Reputation: 307
I used following code to automatic split datasets within one library.
The following are my codes.
%macro split(sourcelib=,source=,result=);
proc sql noprint; /*read datasets in a library*/
create table mytables as
select *
from dictionary.tables
where libname = &sourcelib
order by memname ;
select count(memname)
into:numb
from mytables;
%let numb=&numb.; /*give a number to datasets in the library*/
select memname
into :memname1-:memname&numb.
from mytables;
quit;
%do i=1 %to &numb.;
proc sql noprint;
create table tmp&i as
select distinct date_l_, _ric
from &source.&&memname&i;
select count(*)
into :obs
from work.tmp&i.;
%let obs=&obs.; /*read the variable 'date_l_' and '_ric' in each dataset*/
select date_l_, _ric, catx("_", "&result.", substr(_ric, 1, 13), date_l_)
into :date_l_1-:date_l_&obs., :ric1-:ric&obs., :setname1-:setname&obs.
from work.tmp&i;
quit;
%end;
data
%do j = 1 %to &obs.; /*set rules for separated dataset*/
&&setname&j
%end;
;
set
%do i=1 %to &numb.;
&source.&&memname&i
%end;
;
select;
%do j = 1 %to &obs.;
when(_ric = "&&ric&i" and date_l_ = &&date_l_&i) output &&setname&j;
%end;
end;
%mend;
%split(sourcelib='DATA',source=DATA.,result=AXP.);
However, I faced to the error as shown following:
According to Problem note: If SAS has to acquire memory in order to process a direct access bound library, and memory has already been exhausted, error messages might occur in the SASLOG.
Since I have around 100 dataset and contrain various data and RIC (variable name), it is impossible to split the dataset manually. In this case, how could I improve my code to improve this code?
Upvotes: 0
Views: 531
Reputation: 51621
The key line in your photograph of the SAS log is the one that says:
NOTE: Table WORK.TMP4 created, with 17329 rows and 2 columns.

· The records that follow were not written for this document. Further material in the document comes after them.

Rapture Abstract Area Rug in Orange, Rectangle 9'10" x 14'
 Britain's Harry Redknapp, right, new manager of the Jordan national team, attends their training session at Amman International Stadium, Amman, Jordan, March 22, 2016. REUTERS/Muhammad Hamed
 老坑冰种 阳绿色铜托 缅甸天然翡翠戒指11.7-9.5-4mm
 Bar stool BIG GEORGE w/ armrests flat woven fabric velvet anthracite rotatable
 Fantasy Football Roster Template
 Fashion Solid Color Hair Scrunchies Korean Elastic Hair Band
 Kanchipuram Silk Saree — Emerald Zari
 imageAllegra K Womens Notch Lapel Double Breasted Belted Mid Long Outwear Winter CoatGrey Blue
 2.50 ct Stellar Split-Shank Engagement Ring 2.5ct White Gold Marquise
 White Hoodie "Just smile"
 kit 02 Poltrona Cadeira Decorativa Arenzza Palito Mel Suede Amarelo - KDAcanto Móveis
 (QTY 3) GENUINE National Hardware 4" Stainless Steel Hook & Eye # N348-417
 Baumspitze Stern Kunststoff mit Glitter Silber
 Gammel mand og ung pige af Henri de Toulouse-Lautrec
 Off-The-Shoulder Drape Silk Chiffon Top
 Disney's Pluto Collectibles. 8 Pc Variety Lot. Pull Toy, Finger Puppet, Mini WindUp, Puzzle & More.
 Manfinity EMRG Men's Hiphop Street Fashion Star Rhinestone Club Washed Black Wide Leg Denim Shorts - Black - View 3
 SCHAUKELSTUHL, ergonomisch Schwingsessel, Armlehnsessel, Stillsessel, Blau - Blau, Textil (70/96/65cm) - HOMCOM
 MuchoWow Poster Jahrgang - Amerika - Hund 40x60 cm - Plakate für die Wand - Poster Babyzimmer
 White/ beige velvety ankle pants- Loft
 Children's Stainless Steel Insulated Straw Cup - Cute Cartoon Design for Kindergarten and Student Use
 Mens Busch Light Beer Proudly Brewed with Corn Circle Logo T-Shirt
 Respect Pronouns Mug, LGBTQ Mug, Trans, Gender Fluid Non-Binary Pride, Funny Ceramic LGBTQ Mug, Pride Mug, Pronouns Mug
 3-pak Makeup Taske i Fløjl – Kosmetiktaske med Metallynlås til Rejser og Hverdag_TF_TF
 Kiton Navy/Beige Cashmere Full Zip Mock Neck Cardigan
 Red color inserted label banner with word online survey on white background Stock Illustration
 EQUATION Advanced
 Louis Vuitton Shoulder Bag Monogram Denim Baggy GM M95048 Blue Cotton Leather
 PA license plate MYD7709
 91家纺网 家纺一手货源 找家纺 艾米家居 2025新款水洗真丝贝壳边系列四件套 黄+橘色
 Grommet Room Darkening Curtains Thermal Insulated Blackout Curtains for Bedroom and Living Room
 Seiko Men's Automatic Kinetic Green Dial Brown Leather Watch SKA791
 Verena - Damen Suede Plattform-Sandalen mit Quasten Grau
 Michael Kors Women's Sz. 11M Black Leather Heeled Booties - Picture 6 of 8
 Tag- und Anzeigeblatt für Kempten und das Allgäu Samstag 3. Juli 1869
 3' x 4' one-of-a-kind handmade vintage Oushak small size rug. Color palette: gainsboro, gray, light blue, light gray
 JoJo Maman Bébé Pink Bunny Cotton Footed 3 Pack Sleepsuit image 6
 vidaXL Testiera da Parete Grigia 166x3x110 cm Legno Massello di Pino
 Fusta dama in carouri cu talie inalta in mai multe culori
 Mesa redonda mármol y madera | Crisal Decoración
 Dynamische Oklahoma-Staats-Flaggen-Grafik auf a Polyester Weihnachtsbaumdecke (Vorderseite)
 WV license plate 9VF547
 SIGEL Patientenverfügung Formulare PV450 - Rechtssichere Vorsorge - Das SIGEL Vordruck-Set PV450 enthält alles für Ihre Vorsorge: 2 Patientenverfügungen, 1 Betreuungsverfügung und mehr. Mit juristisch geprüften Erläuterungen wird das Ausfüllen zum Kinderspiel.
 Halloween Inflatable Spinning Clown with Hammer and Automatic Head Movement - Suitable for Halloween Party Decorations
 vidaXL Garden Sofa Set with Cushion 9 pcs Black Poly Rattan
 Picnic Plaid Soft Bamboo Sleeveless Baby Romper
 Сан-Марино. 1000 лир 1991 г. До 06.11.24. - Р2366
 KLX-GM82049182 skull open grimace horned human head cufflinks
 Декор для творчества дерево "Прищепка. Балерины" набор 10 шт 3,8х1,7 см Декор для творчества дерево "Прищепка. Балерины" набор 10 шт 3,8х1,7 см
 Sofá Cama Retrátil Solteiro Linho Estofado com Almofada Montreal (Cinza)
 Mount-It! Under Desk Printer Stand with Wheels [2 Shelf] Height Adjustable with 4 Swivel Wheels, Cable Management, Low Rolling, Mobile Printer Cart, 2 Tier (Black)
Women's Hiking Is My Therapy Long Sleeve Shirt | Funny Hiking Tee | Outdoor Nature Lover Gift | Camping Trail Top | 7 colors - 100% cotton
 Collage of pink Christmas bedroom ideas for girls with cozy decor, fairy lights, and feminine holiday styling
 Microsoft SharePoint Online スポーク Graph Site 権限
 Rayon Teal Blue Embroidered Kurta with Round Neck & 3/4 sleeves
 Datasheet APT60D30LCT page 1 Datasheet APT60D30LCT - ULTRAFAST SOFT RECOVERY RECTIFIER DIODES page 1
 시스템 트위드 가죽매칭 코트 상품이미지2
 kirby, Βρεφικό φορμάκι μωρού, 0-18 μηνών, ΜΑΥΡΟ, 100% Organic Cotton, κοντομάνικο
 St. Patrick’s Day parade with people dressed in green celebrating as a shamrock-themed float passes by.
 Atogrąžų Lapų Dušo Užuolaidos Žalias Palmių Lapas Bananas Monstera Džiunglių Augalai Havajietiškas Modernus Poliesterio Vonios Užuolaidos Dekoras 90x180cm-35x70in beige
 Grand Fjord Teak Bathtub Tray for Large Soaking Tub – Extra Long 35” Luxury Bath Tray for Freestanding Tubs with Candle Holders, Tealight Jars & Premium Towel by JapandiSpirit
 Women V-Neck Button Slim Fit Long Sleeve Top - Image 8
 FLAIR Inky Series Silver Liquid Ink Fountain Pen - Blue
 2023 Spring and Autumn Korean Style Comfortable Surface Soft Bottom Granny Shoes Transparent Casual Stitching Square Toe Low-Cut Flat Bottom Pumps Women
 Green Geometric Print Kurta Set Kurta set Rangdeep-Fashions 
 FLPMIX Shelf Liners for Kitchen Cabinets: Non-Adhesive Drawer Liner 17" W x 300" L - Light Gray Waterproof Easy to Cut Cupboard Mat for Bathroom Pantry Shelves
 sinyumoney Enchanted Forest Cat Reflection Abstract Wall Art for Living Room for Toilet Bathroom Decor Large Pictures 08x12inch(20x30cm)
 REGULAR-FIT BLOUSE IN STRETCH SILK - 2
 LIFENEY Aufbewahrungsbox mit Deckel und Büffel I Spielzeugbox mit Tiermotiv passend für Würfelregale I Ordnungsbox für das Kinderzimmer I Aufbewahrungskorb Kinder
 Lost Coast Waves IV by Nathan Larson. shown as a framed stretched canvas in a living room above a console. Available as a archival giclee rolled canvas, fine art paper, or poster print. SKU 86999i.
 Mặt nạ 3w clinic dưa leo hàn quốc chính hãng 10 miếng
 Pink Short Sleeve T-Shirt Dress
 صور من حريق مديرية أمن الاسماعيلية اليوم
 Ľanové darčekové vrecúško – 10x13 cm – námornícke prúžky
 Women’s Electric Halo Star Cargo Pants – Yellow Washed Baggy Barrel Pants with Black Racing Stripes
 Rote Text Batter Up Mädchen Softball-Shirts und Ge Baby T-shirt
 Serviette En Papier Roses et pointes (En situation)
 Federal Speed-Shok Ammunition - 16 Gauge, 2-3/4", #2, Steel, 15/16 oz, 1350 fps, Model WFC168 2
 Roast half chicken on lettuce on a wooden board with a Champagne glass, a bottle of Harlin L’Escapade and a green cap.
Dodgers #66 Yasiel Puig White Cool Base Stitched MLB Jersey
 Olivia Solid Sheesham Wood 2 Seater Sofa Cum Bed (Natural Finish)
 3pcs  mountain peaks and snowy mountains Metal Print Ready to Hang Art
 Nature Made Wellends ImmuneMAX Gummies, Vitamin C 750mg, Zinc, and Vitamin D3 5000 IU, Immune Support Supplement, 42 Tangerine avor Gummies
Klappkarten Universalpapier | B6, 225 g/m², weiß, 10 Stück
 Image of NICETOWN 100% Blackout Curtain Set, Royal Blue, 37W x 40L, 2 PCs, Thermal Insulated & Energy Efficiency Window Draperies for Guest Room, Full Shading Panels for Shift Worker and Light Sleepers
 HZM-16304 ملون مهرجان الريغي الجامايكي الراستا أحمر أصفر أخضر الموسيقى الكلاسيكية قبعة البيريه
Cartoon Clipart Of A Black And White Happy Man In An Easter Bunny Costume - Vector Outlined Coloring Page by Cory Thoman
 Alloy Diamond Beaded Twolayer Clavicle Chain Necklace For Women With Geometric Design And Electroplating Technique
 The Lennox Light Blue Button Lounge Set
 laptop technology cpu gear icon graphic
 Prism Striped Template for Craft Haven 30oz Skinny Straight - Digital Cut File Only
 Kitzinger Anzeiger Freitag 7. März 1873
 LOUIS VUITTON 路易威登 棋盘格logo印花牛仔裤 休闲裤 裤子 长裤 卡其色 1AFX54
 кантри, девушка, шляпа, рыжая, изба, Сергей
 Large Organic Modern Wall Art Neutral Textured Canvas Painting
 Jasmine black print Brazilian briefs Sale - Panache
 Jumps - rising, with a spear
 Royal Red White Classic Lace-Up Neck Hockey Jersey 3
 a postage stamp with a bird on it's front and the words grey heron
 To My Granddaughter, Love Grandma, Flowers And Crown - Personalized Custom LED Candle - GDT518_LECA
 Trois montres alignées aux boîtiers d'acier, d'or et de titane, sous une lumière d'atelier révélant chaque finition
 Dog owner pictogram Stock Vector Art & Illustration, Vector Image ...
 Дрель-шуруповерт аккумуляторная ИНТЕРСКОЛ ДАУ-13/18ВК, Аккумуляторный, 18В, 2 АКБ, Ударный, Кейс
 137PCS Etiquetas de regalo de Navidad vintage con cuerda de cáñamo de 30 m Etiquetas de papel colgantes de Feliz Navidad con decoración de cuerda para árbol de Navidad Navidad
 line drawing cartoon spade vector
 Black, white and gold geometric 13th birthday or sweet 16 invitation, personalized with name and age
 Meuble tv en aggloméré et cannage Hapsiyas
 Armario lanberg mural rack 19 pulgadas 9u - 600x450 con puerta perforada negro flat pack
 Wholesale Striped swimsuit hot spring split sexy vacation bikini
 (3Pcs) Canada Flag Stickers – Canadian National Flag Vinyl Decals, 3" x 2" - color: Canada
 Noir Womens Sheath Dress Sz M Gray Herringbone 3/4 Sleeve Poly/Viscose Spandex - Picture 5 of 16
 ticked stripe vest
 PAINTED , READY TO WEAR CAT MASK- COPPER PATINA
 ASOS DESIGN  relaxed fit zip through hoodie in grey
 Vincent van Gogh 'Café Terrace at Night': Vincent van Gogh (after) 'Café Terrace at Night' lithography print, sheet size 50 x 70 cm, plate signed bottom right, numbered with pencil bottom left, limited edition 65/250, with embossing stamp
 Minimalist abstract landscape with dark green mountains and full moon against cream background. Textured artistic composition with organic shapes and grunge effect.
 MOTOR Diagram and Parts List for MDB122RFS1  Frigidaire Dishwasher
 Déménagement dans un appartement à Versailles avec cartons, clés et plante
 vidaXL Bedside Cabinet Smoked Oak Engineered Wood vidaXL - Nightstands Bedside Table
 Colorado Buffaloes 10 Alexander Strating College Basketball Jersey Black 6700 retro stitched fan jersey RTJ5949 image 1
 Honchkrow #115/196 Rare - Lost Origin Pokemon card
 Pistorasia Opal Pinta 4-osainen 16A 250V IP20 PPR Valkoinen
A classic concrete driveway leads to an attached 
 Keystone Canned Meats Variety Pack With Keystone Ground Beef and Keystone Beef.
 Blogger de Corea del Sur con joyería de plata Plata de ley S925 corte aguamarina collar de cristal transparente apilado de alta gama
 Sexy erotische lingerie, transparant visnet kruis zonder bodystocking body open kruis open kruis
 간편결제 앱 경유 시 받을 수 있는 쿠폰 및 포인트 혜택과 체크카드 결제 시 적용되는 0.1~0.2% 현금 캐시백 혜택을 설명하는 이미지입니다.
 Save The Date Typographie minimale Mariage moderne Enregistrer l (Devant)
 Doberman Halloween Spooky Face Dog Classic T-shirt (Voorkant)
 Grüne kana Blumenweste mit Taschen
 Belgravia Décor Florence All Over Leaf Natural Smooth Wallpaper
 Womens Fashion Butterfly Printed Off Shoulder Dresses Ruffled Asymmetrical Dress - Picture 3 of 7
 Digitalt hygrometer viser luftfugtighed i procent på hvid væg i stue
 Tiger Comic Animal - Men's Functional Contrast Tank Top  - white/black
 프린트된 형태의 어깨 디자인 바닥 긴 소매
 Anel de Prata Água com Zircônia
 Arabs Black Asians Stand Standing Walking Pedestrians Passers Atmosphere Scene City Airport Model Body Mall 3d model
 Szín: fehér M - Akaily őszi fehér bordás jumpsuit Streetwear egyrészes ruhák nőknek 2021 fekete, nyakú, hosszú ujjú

You cannot create seventeen thousand datasets in one data step. Why would you even want to do that? You will either need to do this in multiple data steps or better still find a different solution to your original problem.
Upvotes: 0
Reputation: 12944
This is a disk space problem. The "I/O" dataset error tends to occur not because of memory issues, but because of disk space. Your dataset has a lot of repeating values, which is good for you in terms of compression. Three things you want to do:
1. Set the column lengths to only what is needed
This can be done for each variable with attrib
or length
statements. A way I've found useful is using the %squeeze()
macro on the initial dataset, saving those attributes to a separate empty dataset, then using create table like
to retain those attributes without having to run %squeeze()
again. For example:
/* Shrink the dataset */
%squeeze(everything, everything_squeezed);
/* Save a copy of all these attributes in an empty dataset */
proc sql noprint;
create table everything_attribs like everything_squeezed;
quit;
This can be useful if your full dataset is updated or overwritten regularly, losing your attributes. Use everything_attribs
as the first table in your set
statements.
2. Use the compress
dataset option
Compressing your dataset can save incredible amounts of space. SAS uses two algorithms: one is good for character variables, one is good for numeric. In your case, try both and see which gives the best results.
%do i=1 %to &numb.;
proc sql noprint;
create table tmp&i(compress=yes) as
select distinct date_l_, _ric
from &source.&&memname&i;
select count(*)
into :obs
from work.tmp&i.;
%let obs=&obs.; /*read the variable 'date_l_' and '_ric' in each dataset*/
select date_l_, _ric, catx("_", "&result.", substr(_ric, 1, 13), date_l_)
into :date_l_1-:date_l_&obs., :ric1-:ric&obs., :setname1-:setname&obs.
from work.tmp&i;
quit;
%end;
data
%do j = 1 %to &obs.; /*set rules for separated dataset*/
&&setname&j(compress=yes)
%end;
;
set
%do i=1 %to &numb.;
&source.&&memname&i
%end;
;
select;
%do j = 1 %to &obs.;
when(_ric = "&&ric&i" and date_l_ = &&date_l_&i) output &&setname&j;
%end;
end;
%mend;
3. Check how much memory is being used
Turn on the system option fullstimer
to get a detailed view of the amount of memory being used for each step. If too much memory is being used, you will need to do different approaches that use less total memory.
For example, you are outputting everything in a single data step. You could convert that into multiple individual data steps rather than one large one.
Upvotes: 1